▸ **What the task requires**
Exact copies of the lines below are the goal; any images in them are dropped.

▸ **Recorded information**
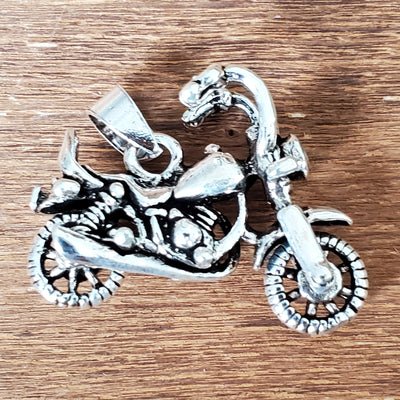 Motorcycle Amulet .925 Solid Sterling Silver Charm Pendant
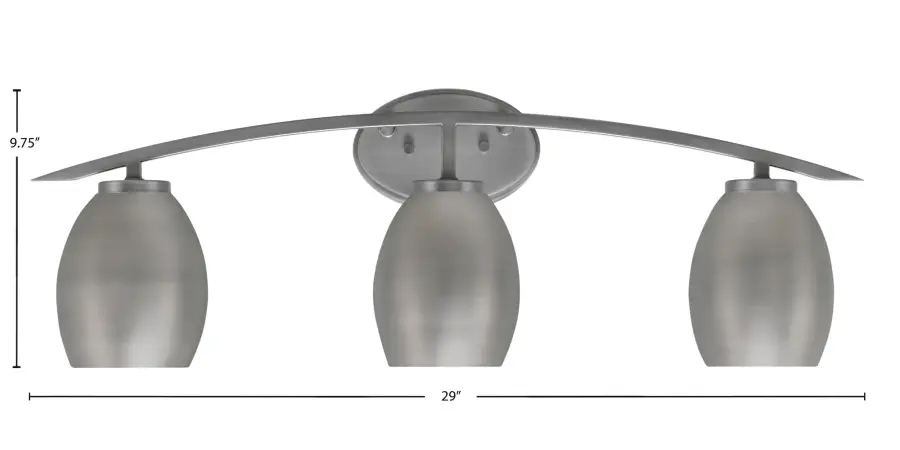 Kurve 3 Light Bath Bar in Graphite with Oval Metal Shades - Image 2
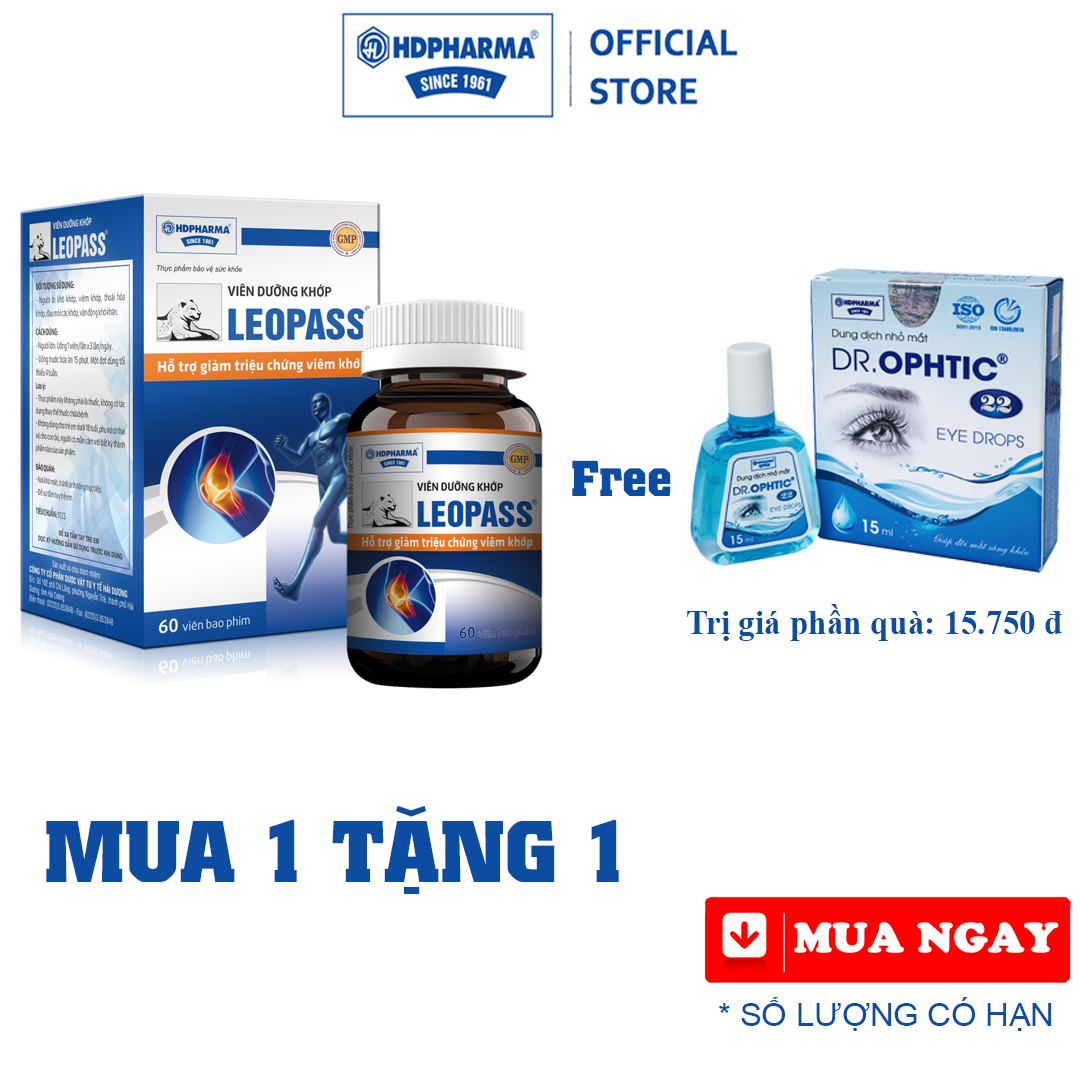 Viên Dưỡng Khớp Leopass - HDPHARMA - Hỗ Trợ Giảm Triệu Chứng Viêm Khớp, Thoái Hóa Khớp (Hộp 60 Viên)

▸ **Completed task**
 Motorcycle Amulet .925 Solid Sterling Silver Charm Pendant
 Kurve 3 Light Bath Bar in Graphite with Oval Metal Shades - Image 2
 Viên Dưỡng Khớp Leopass - HDPHARMA - Hỗ Trợ Giảm Triệu Chứng Viêm Khớp, Thoái Hóa Khớp (Hộp 60 Viên)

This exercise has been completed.